A failure to run 12 registered services has led to Deputy Traffic Commissioner (DTC) Anthony Seculer ordering Pontypridd-based Clayton Jones, trading as Street Buses, to pay a penalty of £3,200. In addition, the DTC has cut the company’s licence from eight vehicles to one following a Pontypridd Public Inquiry.

The DTC said that Mr Jones was granted 13 registered bus routes to commence operation from 7 February 2022. On 14 February the latter wrote to the Central Licensing Unit (CLU) stating he wished to “suspend” eight of the registered services, because of the failings of others. There was no power in law to suspend services in that way and he conceded that he was aware of that fact.

On 14 February 2022 the punctuality of the newly registered routes was checked. The 12 routes checked were failing to operate and a punctuality monitoring exercise was carried out between 14 February and 6 May 2022. The findings of the 499 observations were a 26.85% punctuality rate, with 68.14% of services failing to operate.

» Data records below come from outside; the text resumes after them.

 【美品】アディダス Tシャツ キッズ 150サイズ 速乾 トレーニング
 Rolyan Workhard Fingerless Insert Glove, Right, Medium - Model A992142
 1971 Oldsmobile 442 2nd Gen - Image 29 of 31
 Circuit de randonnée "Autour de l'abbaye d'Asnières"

Mr Jones argued “reasonable excuse” for the failures because of the non-delivery of three new buses; the non-receipt of ticketing machines by Caerphilly County Borough
Council; “complicity” created by Rhondda Cynon Taf County Borough Council; the non-receipt of funding from Monmouthshire County Council and the Welsh Government; and “fundamental faults” at the Office of the Traffic Commissioner.

The DTC did not consider these provided “reasonable excuse”, but he accepted that there was a genuine intent to run the services and that the reasons, such as the non-delivery of the newly purchased buses and the problems associated with the ticketing machines, amounted to mitigating circumstances.

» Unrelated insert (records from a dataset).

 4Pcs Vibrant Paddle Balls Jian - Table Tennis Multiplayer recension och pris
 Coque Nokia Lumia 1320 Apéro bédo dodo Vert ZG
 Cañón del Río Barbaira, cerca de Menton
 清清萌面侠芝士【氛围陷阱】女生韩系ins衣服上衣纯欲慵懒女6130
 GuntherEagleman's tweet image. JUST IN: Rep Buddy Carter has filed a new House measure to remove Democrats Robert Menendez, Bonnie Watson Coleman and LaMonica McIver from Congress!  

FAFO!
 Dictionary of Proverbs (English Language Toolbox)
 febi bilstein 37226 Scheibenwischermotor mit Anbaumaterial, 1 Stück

Regarding the gap in the paperwork between February 2022 and August 2022, while he had accepted that there was communication from the CLU to the operator, the absence of documentary proof amounted to some mitigation for him failing to make the correct application on the correct prescribed forms until August 2022.

The actions and communications from Mr Jones paid insufficient regard to the bus users in the local community. The fact that he placed signs on bus stops stating “Street Buses have (sic) temporarily suspended all services with immediate effect” provided little assistance
or solace to members of the public seeking to rely on those bus services.

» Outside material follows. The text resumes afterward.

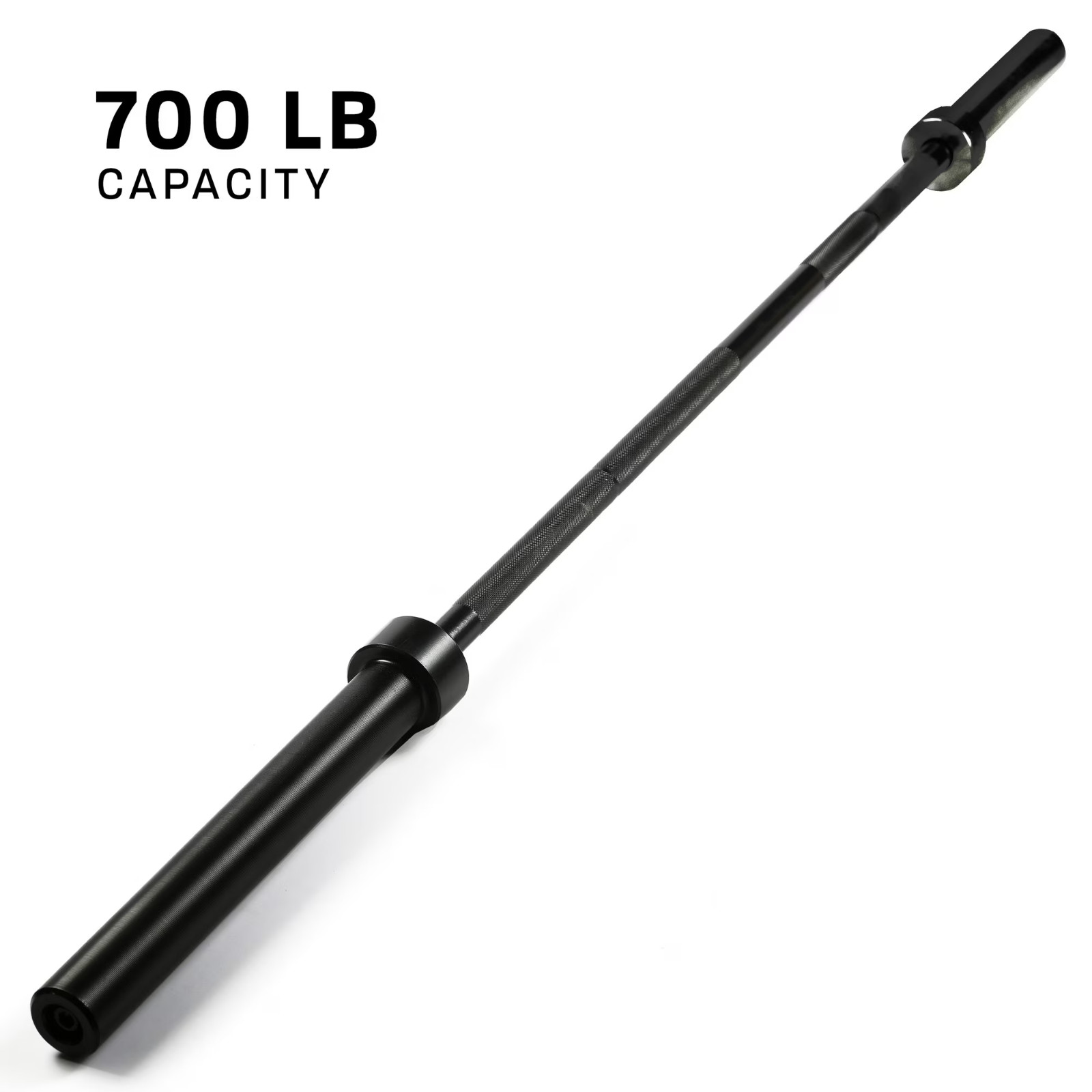 PRCTZ, 2-Inch Olympic Barbell Weightlifting Bar, 7ft, 700-Pound Capacity PRCTZ, 2-Inch Olympic Barbell Weightlifting Bar, 7ft, 700-Pound Capacity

In warning Mr Jones about his future conduct as an operator and Transport Manager, the DTC said that he took account of a failure to comply with an undertaking to provide an independent audit on compliance systems by 13 September 2022.

Mr Jones needed to demonstrate that he could work effectively within a regulated industry. It was his responsibility to see that formal applications were made on the prescribed forms within correct timescales. Similarly, communications need to be timely, relevant and manageable, and that had not been evidenced; for example, in the large file of documents brought along on the morning of the Public Inquiry.